Elena nodded her golden head, and put her hand across the table to touch Melete’s fingers.

When she was a child, Melete continued, she used to suffer from the most terrible attacks of vomiting. It was a quite debilitating condition that persisted for several years. The attacks always occurred at exactly the same time of day and under exactly the same circumstances, the hour when she would return from school to the house she shared with her mother and stepfather. Understandably enough, her mother was very distressed by Melete’s suffering, which had no apparent cause and therefore seemed to be nothing less than a criticism of her own way of life and the man she had introduced into the household, a man her only child refused — as though by a point of principle — to love or even to recognise.

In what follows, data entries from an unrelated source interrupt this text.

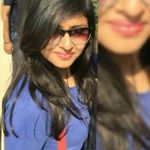 Profile Picture of هما أختار (@_h.u.m.a_akhtar) on Instagram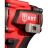 Дрель-шуруповерт DBR-16-13 ERGOLINE КВТ 106678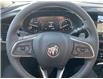 2023 Buick Envision Preferred (Stk: M8032-23) in Courtenay - Image 8 of 11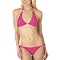 Xhilaration&reg; Whale Swimwear - Pink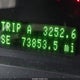 2FMDK3JC0ABA57090 2010 Ford Edge Sel auction photo thumbnail 7
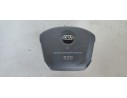 Recambio de airbag delantero izquierdo para kia carens 2.0 turbodiesel cat referencia OEM IAM RS56102D44  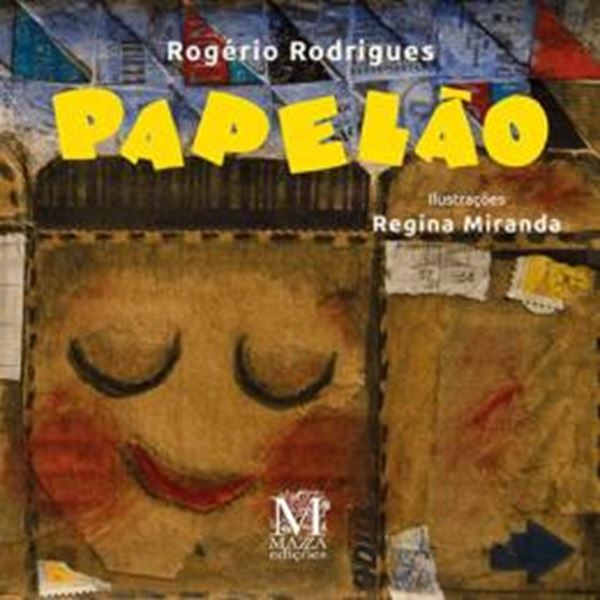 Picture of PAPELÃO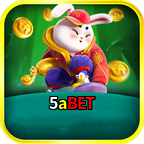 Logo da 5abet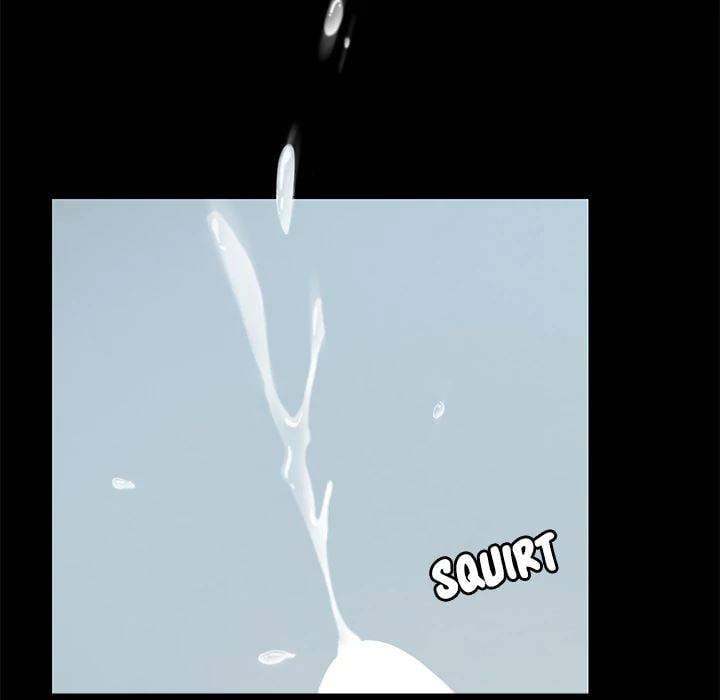15 Minutes - Chapter 25 101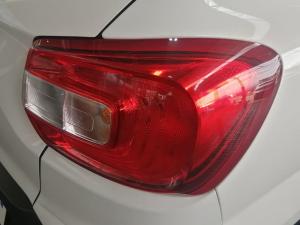 Suzuki S-Presso 1.0 GL auto - Image 16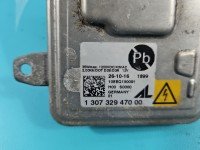 Przetwornica xenon Kia Sportage IV 15-21 130732947000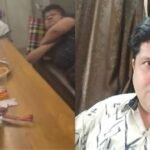 पोस्टमार्टम रूम में आखिर क्या कर रहे थे डॉक्टर? वीडियो वायरल होते ही अस्पताल प्रशासन ने लिया बड़ा एक्शन Pune News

Every day at school, Melete would forget about the vomiting, but then as it became time to go home she would feel the first signs of its approach, a feeling of weightlessness, almost as though the ground were giving way under her feet. She would hurry back to the house in a state of anxiety, and there, usually in the kitchen, where her mother was waiting to give her her afternoon snack, an extraordinary nausea would start to grow. She would be taken to the sofa to lie down; a blanket would be put over her, the television switched on, and a bowl left by her side; and while Melete retched, her mother and stepfather would spend their evening together in the kitchen, talking and eating dinner. Her mother had taken her to doctors, therapists, and finally a child psychoanalyst, who suggested — much to the mystification of the adults who were paying his bill — that Melete take up a musical instrument. He asked her whether there was any instrument in particular she had ever thought of playing, and she said, the trumpet. And so, reluctantly, her mother and stepfather had bought her a trumpet. Now, every day after school, instead of the consuming prospect of the vomiting, she had before her the prospect of blowing through the brass instrument to produce its great rude noise. In this way she had made manifest her disgust in flawed humanity, and also managed to interrupt those tête-à-têtes over supper in the kitchen, which could never again be conducted in quite the same way, without her as their victim.